▸ **INSTRUCTIONS TO FOLLOW**
The lines below, from the one containing "PRETTY LOVE - DEJON" through the one containing "Art Class Girls'", should be set down exactly, with no pictures and nothing else.

▸ **EXERCISE INPUTS**
/---
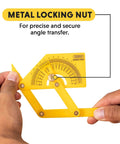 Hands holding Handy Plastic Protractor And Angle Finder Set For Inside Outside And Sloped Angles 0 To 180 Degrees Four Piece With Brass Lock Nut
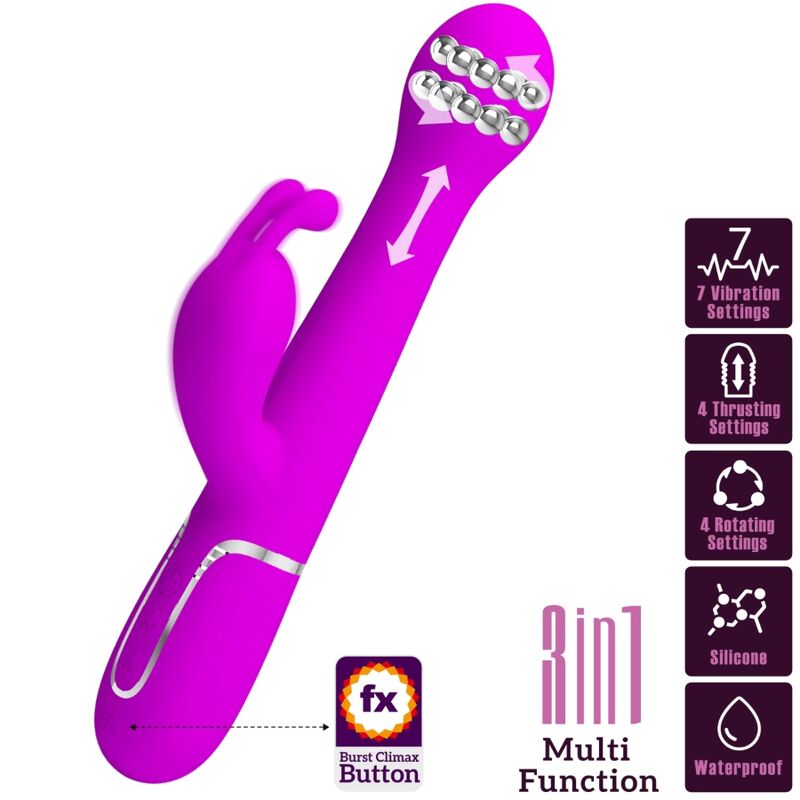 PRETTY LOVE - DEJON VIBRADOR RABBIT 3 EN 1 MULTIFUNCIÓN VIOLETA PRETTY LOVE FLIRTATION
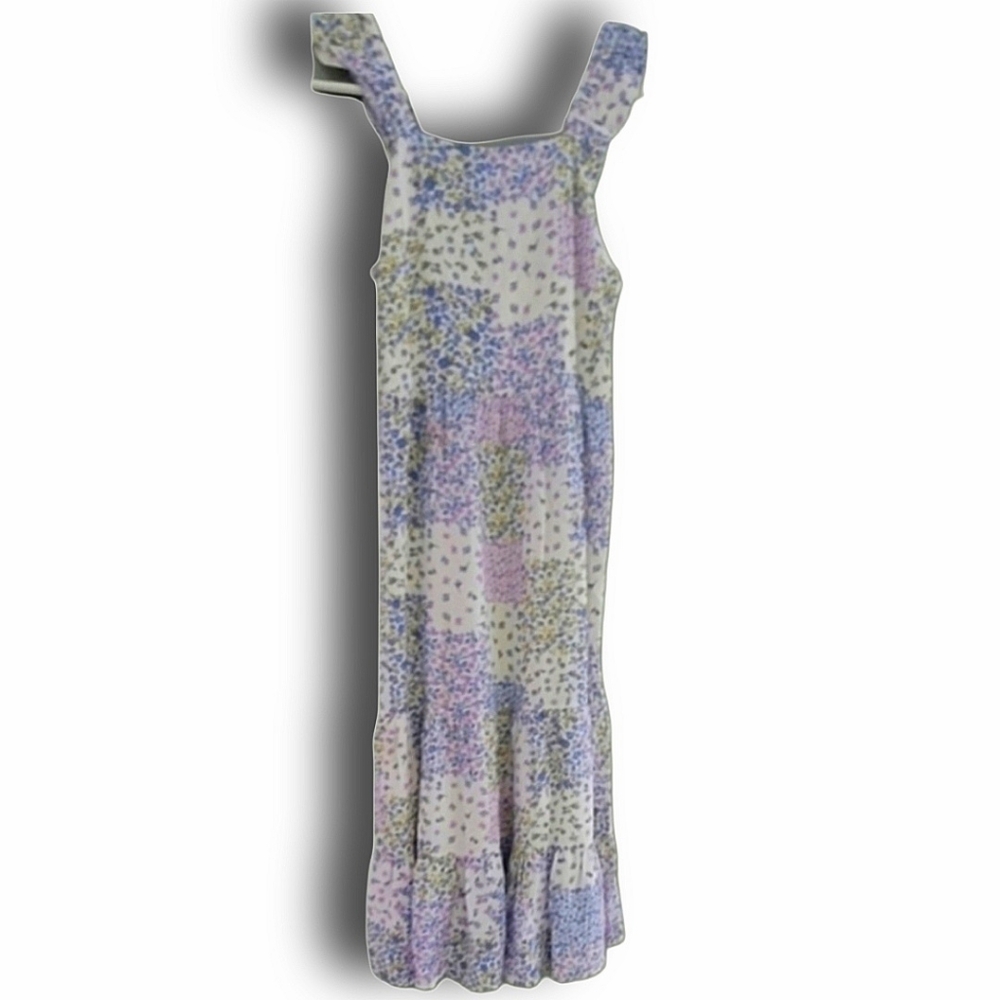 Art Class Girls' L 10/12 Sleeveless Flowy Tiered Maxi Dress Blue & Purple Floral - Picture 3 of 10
\---
/---
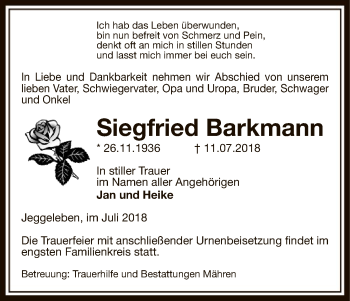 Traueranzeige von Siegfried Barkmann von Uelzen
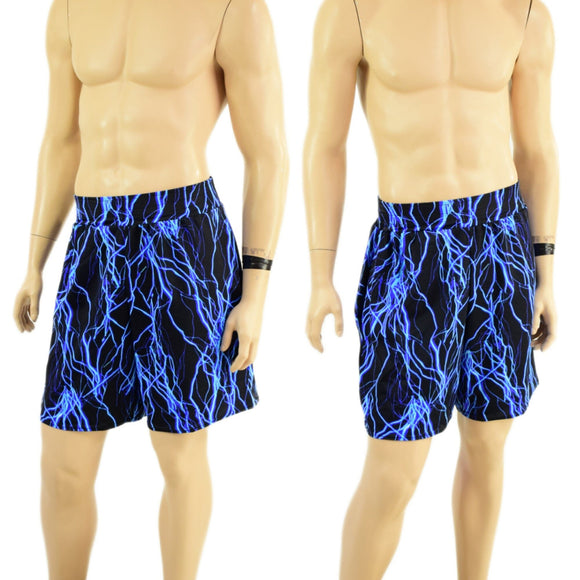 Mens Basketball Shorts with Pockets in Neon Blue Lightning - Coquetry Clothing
\---
▸ **RESPONSE AREA**
 PRETTY LOVE - DEJON VIBRADOR RABBIT 3 EN 1 MULTIFUNCIÓN VIOLETA PRETTY LOVE FLIRTATION
 Art Class Girls' L 10/12 Sleeveless Flowy Tiered Maxi Dress Blue & Purple Floral - Picture 3 of 10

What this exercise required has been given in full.